AIM OF THE EXERCISE: Transcribe exactly the line with "2 Bedroom Flat" and each line that follows it in the listing, down to the last, omitting all pictures.

RECORDS FOR THIS EXERCISE:

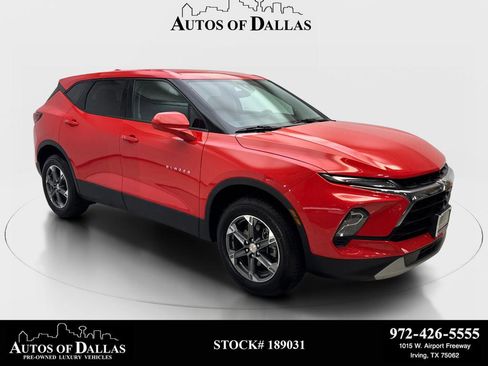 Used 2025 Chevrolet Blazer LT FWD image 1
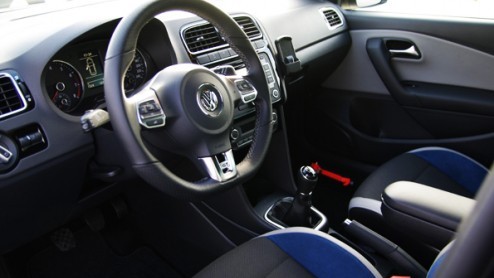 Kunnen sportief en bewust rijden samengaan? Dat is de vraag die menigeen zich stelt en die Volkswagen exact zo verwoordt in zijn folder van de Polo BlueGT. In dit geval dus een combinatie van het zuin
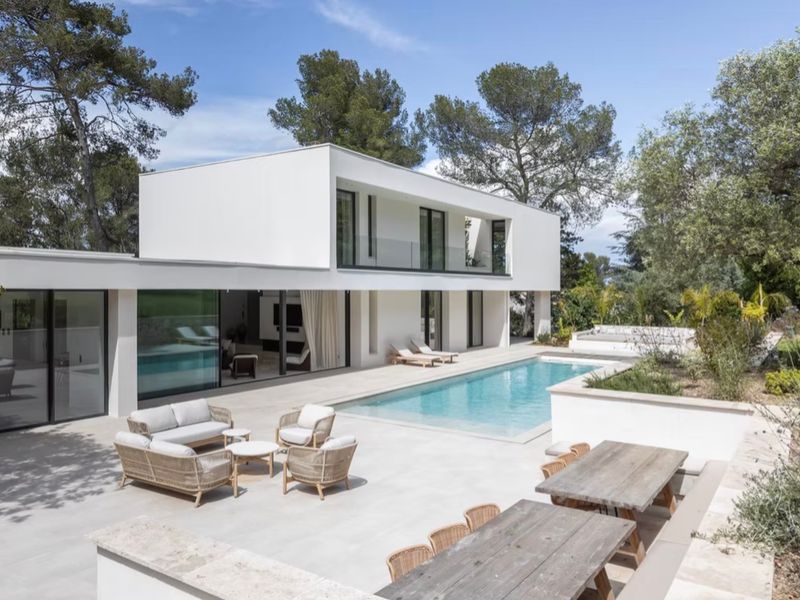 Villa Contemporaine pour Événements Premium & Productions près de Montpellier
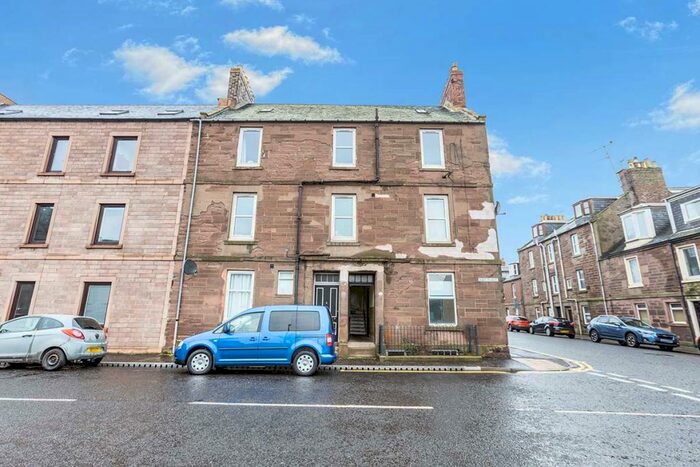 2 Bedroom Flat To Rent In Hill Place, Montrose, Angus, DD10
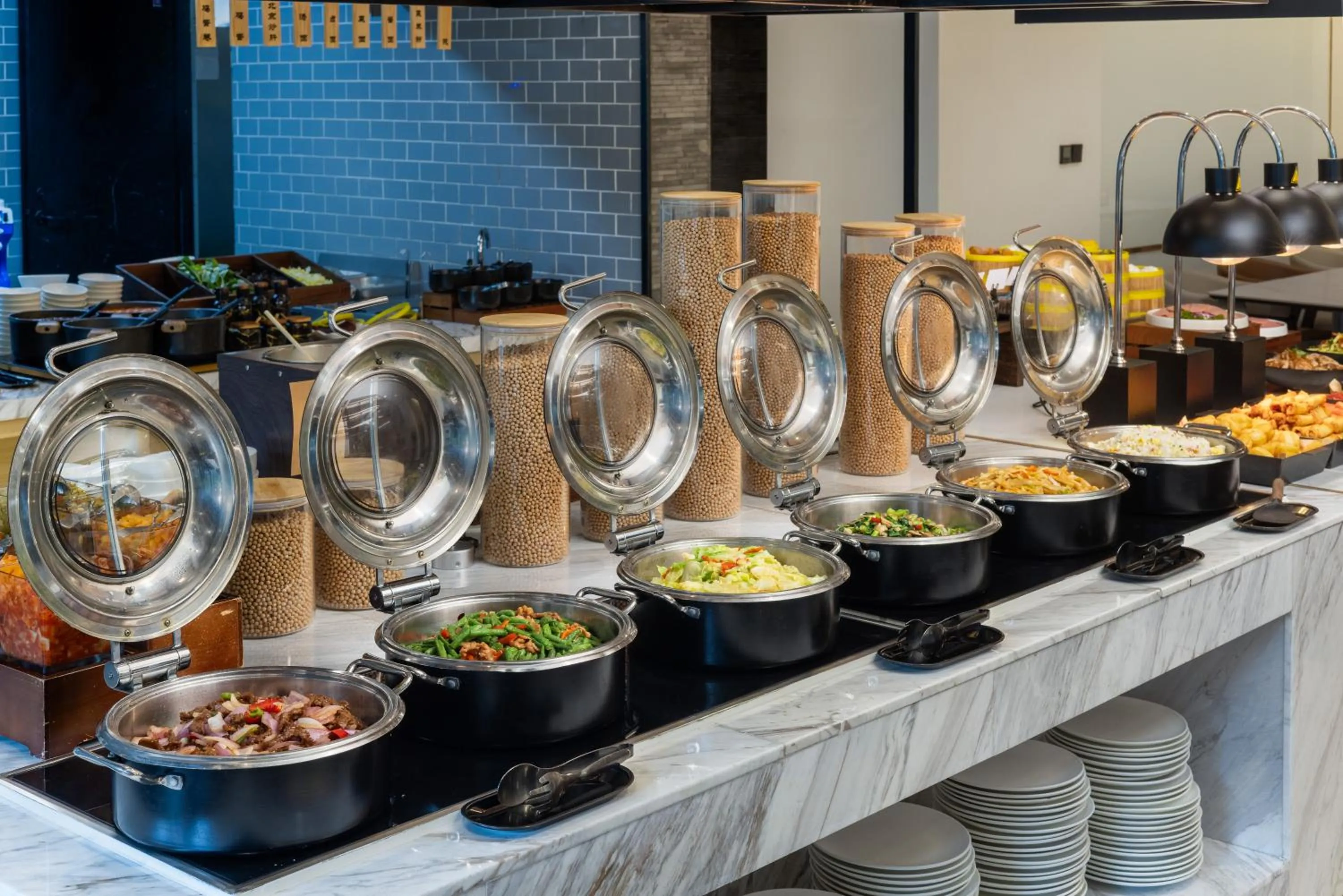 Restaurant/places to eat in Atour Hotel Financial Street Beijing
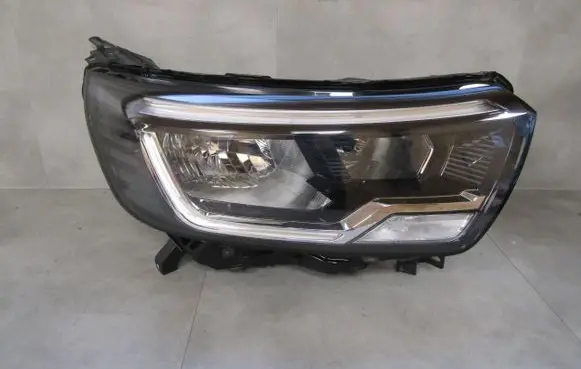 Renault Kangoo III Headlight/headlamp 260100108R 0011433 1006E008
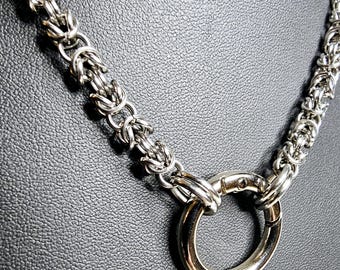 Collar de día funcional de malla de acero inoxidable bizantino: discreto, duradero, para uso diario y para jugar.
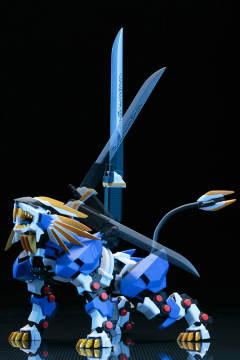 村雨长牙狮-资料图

THE COMPLETED TASK:
 2 Bedroom Flat To Rent In Hill Place, Montrose, Angus, DD10
 Restaurant/places to eat in Atour Hotel Financial Street Beijing
 Renault Kangoo III Headlight/headlamp 260100108R 0011433 1006E008
 Collar de día funcional de malla de acero inoxidable bizantino: discreto, duradero, para uso diario y para jugar.
 村雨长牙狮-资料图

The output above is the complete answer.